● PROBLEM REQUIREMENTS:
Please repeat all the entries. Nothing may differ.

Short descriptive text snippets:
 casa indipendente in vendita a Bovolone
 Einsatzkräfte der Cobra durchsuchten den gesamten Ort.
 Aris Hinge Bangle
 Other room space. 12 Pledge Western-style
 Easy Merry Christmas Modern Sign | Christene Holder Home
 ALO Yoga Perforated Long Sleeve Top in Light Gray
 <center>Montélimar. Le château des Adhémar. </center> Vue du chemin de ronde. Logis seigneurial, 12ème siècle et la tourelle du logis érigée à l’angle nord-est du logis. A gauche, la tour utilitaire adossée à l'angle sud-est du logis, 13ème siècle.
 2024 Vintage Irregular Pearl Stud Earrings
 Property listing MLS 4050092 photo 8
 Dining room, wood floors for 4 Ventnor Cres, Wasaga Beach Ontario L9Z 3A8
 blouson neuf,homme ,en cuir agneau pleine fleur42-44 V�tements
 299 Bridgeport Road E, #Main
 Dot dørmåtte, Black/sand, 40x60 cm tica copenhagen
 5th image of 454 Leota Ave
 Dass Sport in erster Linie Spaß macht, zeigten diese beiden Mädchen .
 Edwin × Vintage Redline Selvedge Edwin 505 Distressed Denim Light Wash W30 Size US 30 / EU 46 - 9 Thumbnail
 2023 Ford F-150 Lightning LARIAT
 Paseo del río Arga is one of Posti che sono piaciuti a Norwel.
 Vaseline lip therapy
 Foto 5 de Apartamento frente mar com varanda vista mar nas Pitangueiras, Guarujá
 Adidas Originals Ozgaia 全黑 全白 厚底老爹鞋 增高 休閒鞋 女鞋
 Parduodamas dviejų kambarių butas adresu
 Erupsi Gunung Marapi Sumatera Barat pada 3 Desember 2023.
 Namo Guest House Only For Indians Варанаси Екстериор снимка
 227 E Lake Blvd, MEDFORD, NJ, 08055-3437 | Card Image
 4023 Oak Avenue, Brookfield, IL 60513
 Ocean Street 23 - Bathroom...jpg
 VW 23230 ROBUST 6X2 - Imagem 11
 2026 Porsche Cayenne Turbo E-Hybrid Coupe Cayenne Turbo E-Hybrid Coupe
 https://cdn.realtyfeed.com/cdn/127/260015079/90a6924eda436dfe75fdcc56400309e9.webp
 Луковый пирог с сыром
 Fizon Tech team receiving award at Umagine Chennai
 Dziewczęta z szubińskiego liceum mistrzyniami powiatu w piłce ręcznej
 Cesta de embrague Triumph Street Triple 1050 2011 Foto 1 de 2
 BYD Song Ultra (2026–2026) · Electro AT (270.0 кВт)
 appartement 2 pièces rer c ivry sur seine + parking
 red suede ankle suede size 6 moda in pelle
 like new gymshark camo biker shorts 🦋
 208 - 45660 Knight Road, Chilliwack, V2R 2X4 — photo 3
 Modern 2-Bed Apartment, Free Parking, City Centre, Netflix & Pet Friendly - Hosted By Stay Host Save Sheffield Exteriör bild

● RESPONSE:
 casa indipendente in vendita a Bovolone
 Einsatzkräfte der Cobra durchsuchten den gesamten Ort.
 Aris Hinge Bangle
 Other room space. 12 Pledge Western-style
 Easy Merry Christmas Modern Sign | Christene Holder Home
 ALO Yoga Perforated Long Sleeve Top in Light Gray
 <center>Montélimar. Le château des Adhémar. </center> Vue du chemin de ronde. Logis seigneurial, 12ème siècle et la tourelle du logis érigée à l’angle nord-est du logis. A gauche, la tour utilitaire adossée à l'angle sud-est du logis, 13ème siècle.
 2024 Vintage Irregular Pearl Stud Earrings
 Property listing MLS 4050092 photo 8
 Dining room, wood floors for 4 Ventnor Cres, Wasaga Beach Ontario L9Z 3A8
 blouson neuf,homme ,en cuir agneau pleine fleur42-44 V�tements
 299 Bridgeport Road E, #Main
 Dot dørmåtte, Black/sand, 40x60 cm tica copenhagen
 5th image of 454 Leota Ave
 Dass Sport in erster Linie Spaß macht, zeigten diese beiden Mädchen .
 Edwin × Vintage Redline Selvedge Edwin 505 Distressed Denim Light Wash W30 Size US 30 / EU 46 - 9 Thumbnail
 2023 Ford F-150 Lightning LARIAT
 Paseo del río Arga is one of Posti che sono piaciuti a Norwel.
 Vaseline lip therapy
 Foto 5 de Apartamento frente mar com varanda vista mar nas Pitangueiras, Guarujá
 Adidas Originals Ozgaia 全黑 全白 厚底老爹鞋 增高 休閒鞋 女鞋
 Parduodamas dviejų kambarių butas adresu
 Erupsi Gunung Marapi Sumatera Barat pada 3 Desember 2023.
 Namo Guest House Only For Indians Варанаси Екстериор снимка
 227 E Lake Blvd, MEDFORD, NJ, 08055-3437 | Card Image
 4023 Oak Avenue, Brookfield, IL 60513
 Ocean Street 23 - Bathroom...jpg
 VW 23230 ROBUST 6X2 - Imagem 11
 2026 Porsche Cayenne Turbo E-Hybrid Coupe Cayenne Turbo E-Hybrid Coupe
 https://cdn.realtyfeed.com/cdn/127/260015079/90a6924eda436dfe75fdcc56400309e9.webp
 Луковый пирог с сыром
 Fizon Tech team receiving award at Umagine Chennai
 Dziewczęta z szubińskiego liceum mistrzyniami powiatu w piłce ręcznej
 Cesta de embrague Triumph Street Triple 1050 2011 Foto 1 de 2
 BYD Song Ultra (2026–2026) · Electro AT (270.0 кВт)
 appartement 2 pièces rer c ivry sur seine + parking
 red suede ankle suede size 6 moda in pelle
 like new gymshark camo biker shorts 🦋
 208 - 45660 Knight Road, Chilliwack, V2R 2X4 — photo 3
 Modern 2-Bed Apartment, Free Parking, City Centre, Netflix & Pet Friendly - Hosted By Stay Host Save Sheffield Exteriör bild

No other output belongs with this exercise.